Açores: cidadania e cultura

Opinião

Vitorino Nemésio definiu “Açorianidade” como a imaginação de ser açoriano, que o desterro afina e exacerba. “O afastamento define ou aumenta o sentimento de pertença e a ligação espiritual aos Açores”. Regresso sempre com júbilo a este arquipélago mágico, que pode ser considerado Portugal em laboratório. Se Mau Tempo no Canal é um dos grandes romances da literatura da língua portuguesa, a verdade é que define com mestria um microcosmos no qual se destacam as personagens de Margarida Dulmo e João Garcia, tendo como pano de fundo o canal entre as ilhas do Faial e do Pico e como enredo as complexas tensões de uma sociedade permanentemente confrontada entre o fechamento e a necessidade de abertura. E lembro Saudades da Terra de Gaspar Frutuoso (1522-1591), ouvindo-o dizer: “pena-se muito nesses mares, mas aprende-se mais que nua esquiola”. E entre referências literárias e a natureza, o escritor descreve em diálogo o lamento alegórico, que representa a verdade, desterrada e hostilizada, saudosa de uma idade de ouro, anterior ao povoamento da ilha… São os mitos que enchem estas ilhas encantadas como reminiscência da Atlântida, de beleza estonteante.

Vim a Ponta Delgada, a convite de Pilar Damião Medeiros, para recordar os trinta anos do Forum Açoriano com a saudosa lembrança de Mário Mesquita que me convidou para o lançamento da associação cívica, que em 1992 fez publicar o manifesto Pensar os Açores, hoje. O objetivo era promover a reflexão sobre temas políticos, económicos, sociais e culturais, com especial destaque para as questões relacionadas com os Açores, pretendendo-se que esse debate sobre o futuro da Região “se fizesse fora dos quadros institucionais, ou seja, dos órgãos do governo, partidos políticos, instituições oficiais ou oficiosas”. Daí a necessidade de abertura “a cidadãos de diferentes convicções políticas e ideológicas”, convergindo os promotores na defesa da democracia e da autonomia regional, que preocupavam os cidadãos e a sociedade civil. Destacava-se, na altura, a situação estratégica da Região no novo quadro mundial europeu e atlântico, após a queda do muro de Berlim, bem como o risco de um relacionamento equívoco do governo da República com a Região, urgindo contrariar tendências centralistas.

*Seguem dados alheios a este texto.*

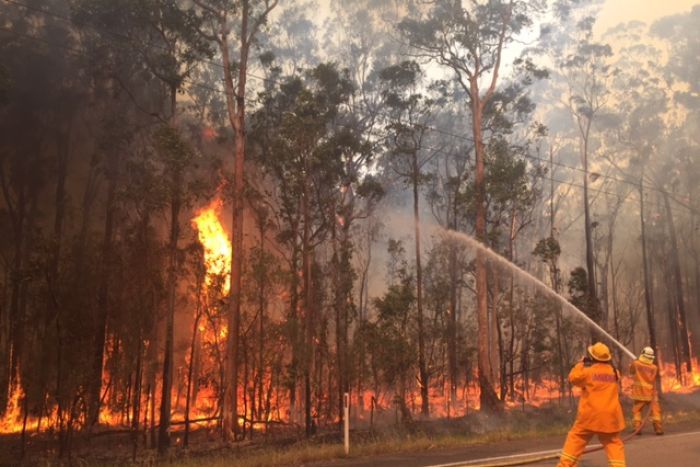 25 Hotspot Terdeteksi di Sumut, Wagub Musa Rajekshah Minta Waspada Karhutla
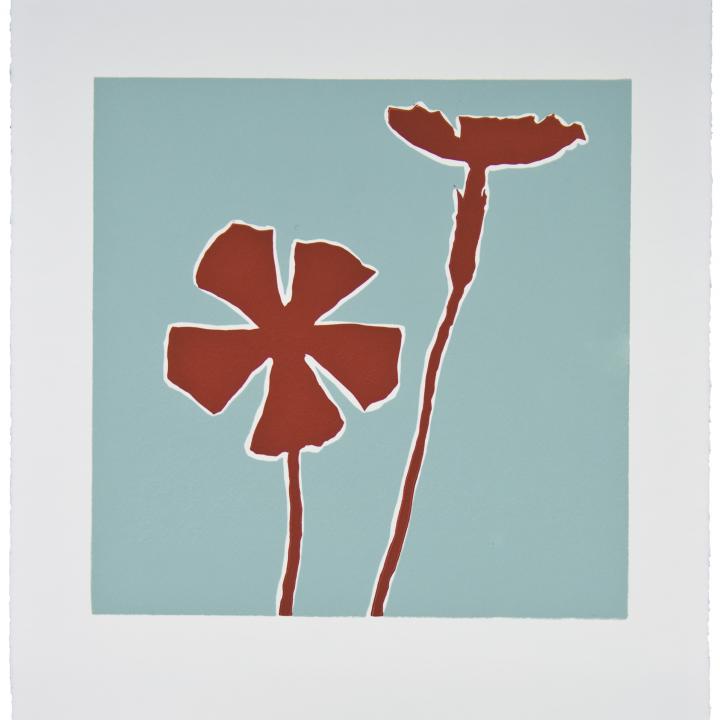 Brick Red Wildflower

Para responder a estas e outras questões prementes havia que promover debates e reflexões sérios de modo a preservar a autonomia e o desenvolvimento, como lembrou Gilberta Rocha. Na primeira Assembleia Geral foram eleitos o Presidente da Direção, Roberto Amaral, e o Presidente da Mesa da Assembleia Geral, Álvaro Monjardino, bem como Renato Borges de Sousa, saudoso amigo, defensor empenhado da cultura açoriana, da língua portuguesa e da qualidade, exigência e justiça na Educação. Em 1995, seria publicado o volume Pensar os Açores, hoje que merece releitura, considerando que os desafios correspondentes ao desenvolvimento humano e à democracia regional continuam a exigir muito trabalho e empenhamento.

Na terra de Antero de Quental, arauto da poesia, da liberdade, igualdade e justiça, recordo amigos açorianos que já nos deixaram e com os quais aprendi que a democracia está sempre incompleta, exigindo pensar longe e largo, abrir novos horizontes de memória e progresso com determinação para o seu aperfeiçoamento. Falo de José Medeiros Ferreira, Mário Mesquita e António Machado Pires, para me ater apenas aos falecidos. De facto, precisamos de pensar e construir instituições democráticas capazes de garantir uma verdadeira mediação no sentido da participação e da representação dos cidadãos, do mesmo modo que a legitimidade do voto e do exercício e o primado da lei obrigam a um respeito intransigente pelos direitos humanos e pelo Estado de Direito, enquanto uma cultura de paz exige o multilateralismo, a diversidade, o primado da dignidade da pessoa humana e o respeito pelo princípio da subsidiariedade. É tempo de cidadania e cultura.